In addition to @optlevel, we have been chipping away at other compiler performance issues — sometimes big improvements come just one or two percent at a time. Browsing through the "latency" label on github gives some idea of what is involved. The net effect of this work is that, moving from version 1.4 to 1.5, the time to load the Plots.jl package (using Plots) goes from 9.8 seconds to 6.1 seconds (38% faster), and the time to generate the first plot goes from 11.7 seconds to 7.8 seconds (33% faster). Your mileage may vary of course — performance is always highly dependent on the system hardware and configuration. But in general, this release improves compiler latency by a considerable margin over 1.4, which was already snappier than earlier releases.

Implicit keyword argument values

When passing a keyword argument, or constructing a named tuple, it's quite common for the value to be held in a variable with the same name as the argument or field name. For example, if you are printing colored text and have the color to use in a variable called color, you need to write printstyled("text", color=color). Typing the same words twice all the time can get tedious, especially when delegating several keyword arguments to another function. This release adds a convenient shorthand that has already become popular in several other languages (such as TypeScript):

printstyled("text"; color) is an abbreviation for
printstyled("text"; color = color).

Note the semicolon before the color argument: this is necessary for Julia to distinguish this shorthand syntax from passing color as a second positional argument. A similar shorthand works for named tuples:

(; name, value, type) is shorthand for
(name = name, value = value, type = type).

These shorthands also work when the value being passed is a field in a structure with the same name as the keyword argument (or anything else that uses object.field syntax):

printstyled("text"; opts.color) is shorthand for
printstyled("text"; color = opts.color).

Although this change doesn't allow programmers to do anything they couldn't do before, it makes writing code that works with keyword arguments and named tuples a lot more pleasant, concise and readable.

The return of "soft scope" in the REPL

Variable scope is a surprisingly rich source of design conundrums in programming languages. For the most part, dividing a program into many nested scopes is a great thing: it aids in local reasoning about what code means, it enables optimizations, and it prevents changes in one section of code from accidentally breaking distant, unrelated code. All good features for "programming in the large". But for quick, experimental programming it is tedious to worry about the lifetime of every variable, and in particular, the safe default of making things local rather than global can sometimes be confusing and inconvenient when working interactively.

In 0.x versions of Julia, we did some clever "guessing" about when users wanted a variable to be local or global.
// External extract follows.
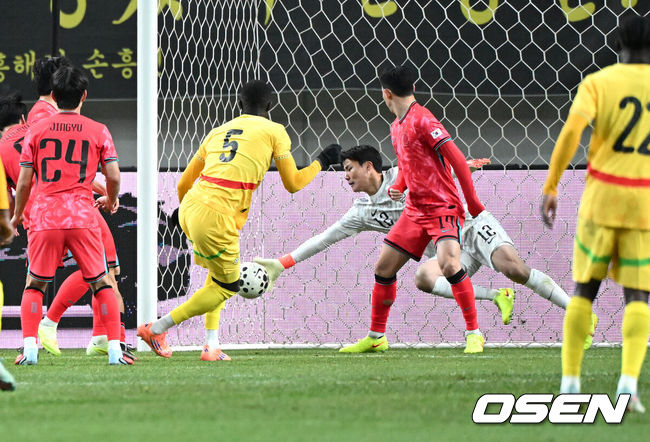 [OSEN=서울월드컵경기장, 이대선 기자] 홍명보 감독이 이끄는 대한민국 축구대표팀이 18일 오후 서울월드컵경기장에서 아프리카 강호 가나와 평가전을 가졌다.홍명보호의 2025년의 끝을 장식할 경기다. 내달 2026 국제축구연맹(FIFA) 북중미 월드컵 조 추첨을 앞두고 열리는 마지막 평가전이기도 하다. 현재 한국은 가나전 결과와 상관없이 사실상 월드컵 포트 2가 확정된 상태다. 아프리카 예선을 뚫고 북중미행에 성공한 가나는 FIFA 랭킹 73위다. 22위 한국보다는 51계단 낮다. 하지만 통산 전적에서 4승 3패로 한국보다 우위다. 후반 대한민국 송범근이 슛을 막아내고 있다. 2025.11.18 /sunday@osen.co.kr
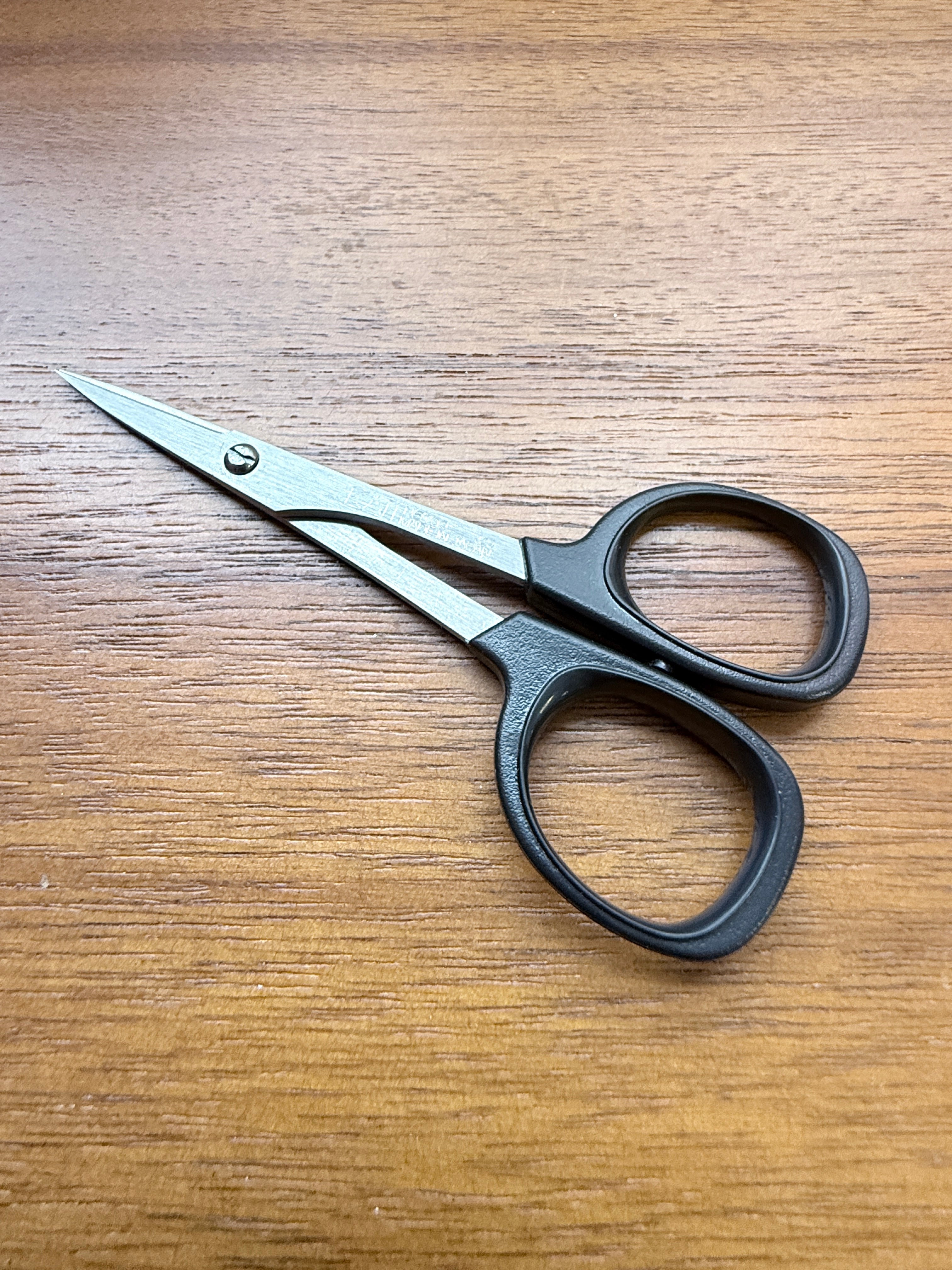 Kai N5100-SER: 4-inch Micro-Serrated Scissors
The basic rule was that inside of a loop but outside of any function body—in a so-called "soft scope"—when the user assigned to a variable, if there was already a global by that name, it was assigned, but if there wasn't a global by that name, then the assignment would create a new variable local to the loop. This was a really effective heuristic and approximates what happens inside of function bodies as closely as possible in global scope. However, there were some issues: some people found it confusing and inconsistent, and it made it impossible to statically determine the meaning of code since whether a global by a given name exists or not cannot be statically determined in a dynamic language like Julia. So for the 1.0 release of Julia, we simplified the rules: no more guessing what the user meant: if you assign to a variable in a local scope (function or loop) and there's no local by that name, then that assignment creates a new local variable. Period. End of story, dead simple rule.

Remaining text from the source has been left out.